Man, this hurts. The late, great David Lynch has left this world and how there’s less weirdness for us to discover.
Over the past 30 years or so, he became one of my favorite filmmakers and artists. My first encounter with his work, without knowing it was him, would have been TV commercials for his adaptation of Dune in 1984 — but my first actual encounter is lost to chronology from the haze of my college days. At some point in the late ‘90s as I was studying art and film at University of Michigan, I finally watched Dune somewhere in the same breath of discovering Blue Velvet, Twin Peaks, Lost Highway, and most significantly, Eraserhead. The latter film mesmerized me at home in the dark from a rented VHS, and even more so at a midnight screening in a campus movie theatre. It served as huge inspiration for a black & white film I made in live-action & clay animation called Snot Living, about a booger that comes to life.

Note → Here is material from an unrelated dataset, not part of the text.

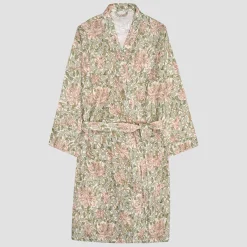 Sale Soft Sage Honeysuckle Linen Robe Women Accesssories|Linen Pajamas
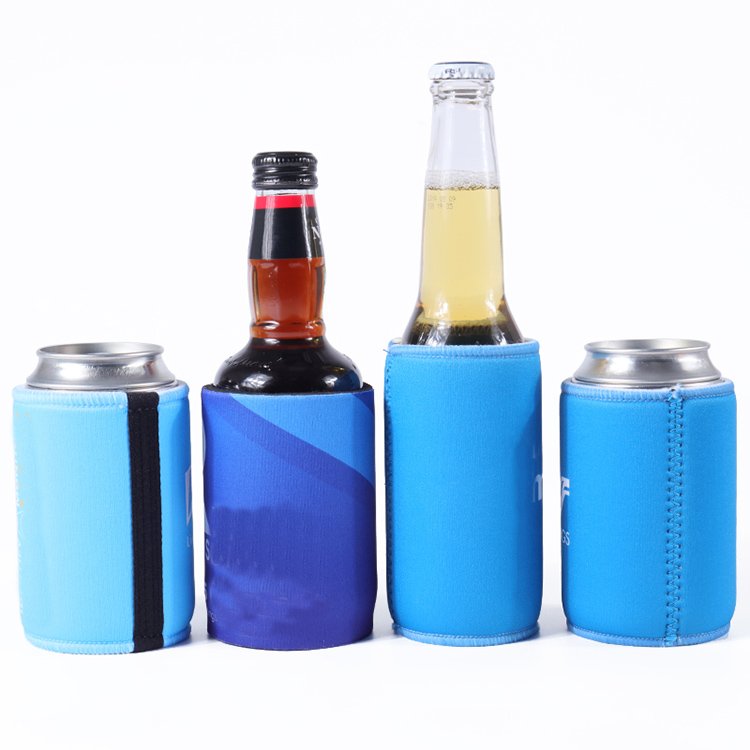 Custom neoprene stubby holders for 330ml 355ml and 375ml beverage cans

To this day, Lynch’s nightmarish debut feature from 1977 fascinates and terrifies me the most, and I don’t even know how to describe the spell it casts — but my brother-in-law Mike (who I had such a delightful time introducing the film to and watching him react) pretty much nailed it in one of his Letterboxd reviews: I like this enough to come back to it, but it is not something I like to watch. Will I watch it again? Yes. And it will again be bizarre and uncomfortable. But yet, like almost all the Lynch films I’ve seen so far, it won’t leave my head for days and eventually I’ll want to watch it again to experience it and try and feel out something new.

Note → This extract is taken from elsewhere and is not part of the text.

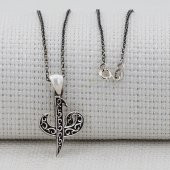 Elif Vav Tasarımlı 925 Ayar Gümüş Bayan Kolye thumbnail 2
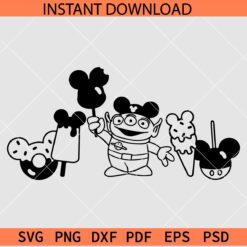 Toy story alien Snacks SVG, Disneyland Toy story Snacks SVG, Alien Snacks SVG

Exactly. And the Lady in the Radiator will always scare the bejeezus outa me.
I also can’t describe how fascinated (and terrified) I am by Twin Peaks in particular — to the point that it’s infiltrated so much of my personality, my quirks, regular conversations between so many friends sharing memes and quotes, and the kinds of art I’m drawn to. It was one of the first pieces of storytelling to teach me that something can be weird, hilarious, beautiful, violent and terrifying all at once. To know, appreciate, and understand the appeal of this show is to know and appreciate who I am, the kinds of things I love, and how quickly we will become friends.

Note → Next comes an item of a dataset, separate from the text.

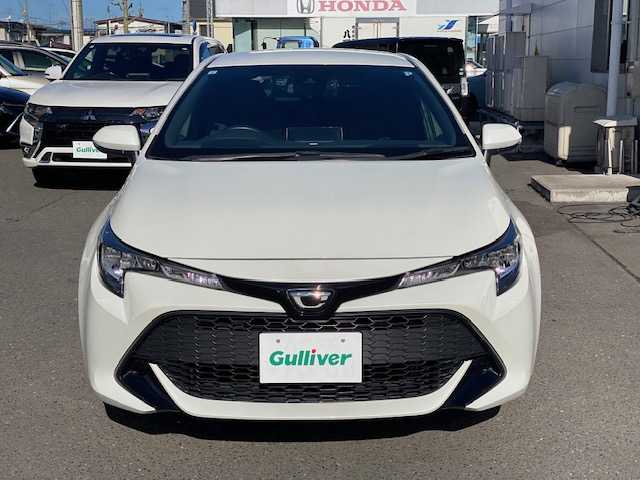 トヨタ カローラ スポーツ G 青森県 2019(令1)年 2.2万km ホワイトパールクリスタルシャイン ４WD/純正ナビ(BT/フルセグ/DVD/CD/ラジオ)/寒冷地仕様/ステアリングヒーター/バックカメラ/フロントワイパーデアイサー/トヨタプリクラッシュセーフティ/アダプティブクルーズコントロール/オートマチックハイビーム/レーンアシスト/オートライト/LEDヘッドライト/ETC/ヘッドライトレベライザー/ドライブレコーダー(前方)/新車時保証書/取扱説明書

Over the past decade or so, I’ve gradually caught up with the rest of Lynch’s feature filmography and further cemented my fandom & fascination for his visions of dark delight. I love his humor, his weirdness, his outlook on art & life, his grasping of mystery, and the juxtaposition of beauty against his darkest & most viciously violent images and ideas.
As I’ve gotten older, I’ve come to appreciate more and more the wisdom behind brutal honesty in art & storytelling. The dark things of the world should not be reveled in, brushed off or taken lightly — they should be exposed, feared, and painted to disturb and unsettle. If we are frightened to death of Lynch’s films, we damn well should be — for it shows our hearts are in the right place.
And yet, there is still hope and beauty, waiting for the shadows to clear and the sun to rise. Weaved into the same fabric as the dark ugliness that Lynch exposes are human beings stuck in the middle of it and trying to make sense of it along with us. From the quirky community of Twin Peaks to the happiness-seekers of Mulholland Drive to the quest for forgiveness in The Straight Story — and even the loneliness & awkward fears of Eraserhead’s Henry Spencer and The Elephant Man’s John Merrick — there is light, love, empathy and a Christ-haunted grace.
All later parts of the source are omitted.